Target Encoding creates a feature that is monotonically correlated with the target variable by design. This provides a very strong signal to the model, especially for tree-based algorithms.

Handles High Cardinality

Like Count Encoding, it produces a single numerical column regardless of cardinality, making it highly memory-efficient for features with thousands of categories.

Creates a Powerful Predictive Feature

By encoding the historical outcome associated with each category, it often becomes one ofthe most important features in the model.
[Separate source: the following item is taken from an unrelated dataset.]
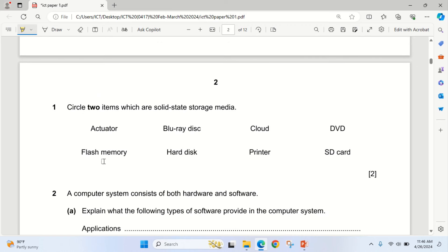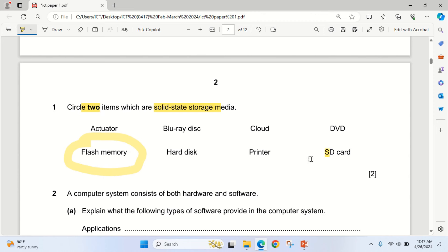Question 1: the question says circle 2 items which are solid state storage media. Looking at the options: this one is not a storage media, this is optical, this is cloud storage, this is optical. The first answer is flash memory — that is solid state. Hard disk is magnetic, printer is not a storage media, so the next answer is SD card. These two are the two solid state storage media in this question.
When to Use Target Encoding

High-cardinality categorical features
- User IDs, ZIP codes, product categories, etc.
- When One-Hot Encoding is not feasible.
Tree-based models
- Random Forests, XGBoost, LightGBM, and CatBoost excel with target-encoded features. CatBoost has a highly optimized built-in implementation.
When a strong correlation exists between the category and the target.
- E.g., certain cities have a consistently higher conversion rate.

When to Avoid Target Encoding

When interpretability is critical
- The encoded feature's meaning is tied to the target, which can be circular and hard to explain.
If you cannot implement it carefully
- A naive implementation will lead to severe overfitting due to data leakage.
When the relationship between feature and target is unstable
- If the target mean for a category changes drastically over time, the encoding will become stale.
Linear models (with caution)
- The direct encoding of the target can create a "too perfect" feature, leading to overfitting and potentially multicollinearity issues if not regularized.

The Critical Challenge:

Target Encoding's greatest strength — encoding the target directly into the feature — is also its greatest weakness. If done naively, the feature becomes a shortcut the model memorizes instead of a signal it learns from. Most of the failure modes below share the same root cause: the encoding is computed using target values the model should not "see" for those rows.

A running example: predicting customer churn

Throughout this section we use one consistent problem: predict whether a telecom customer will churn (target = 1) or stay (target = 0), using the customer's Plan as a feature. We have 10,000 customers spread across many plans. Every problem below is illustrated on this same dataset.

1. Target Leakage (Data Leakage)

This is the most severe issue. Because the encoding is derived from the target, computing it over rows that later act as validation/test data lets information about the answer "seep" into the feature. The model learns patterns that exist only because it already saw the labels — patterns that will not exist on truly unseen data.

In the churn example:

The plan "Legacy_Gold" appears only once in the data, and that single customer churned (target = 1), so its encoding is 1.0 — a value computed entirely from that customer's own outcome.
During cross-validation the model learns the rule "if Plan_encoded == 1.0 → predict churn" and scores near-perfect accuracy.
In production this rule is meaningless: it was built from one row's answer.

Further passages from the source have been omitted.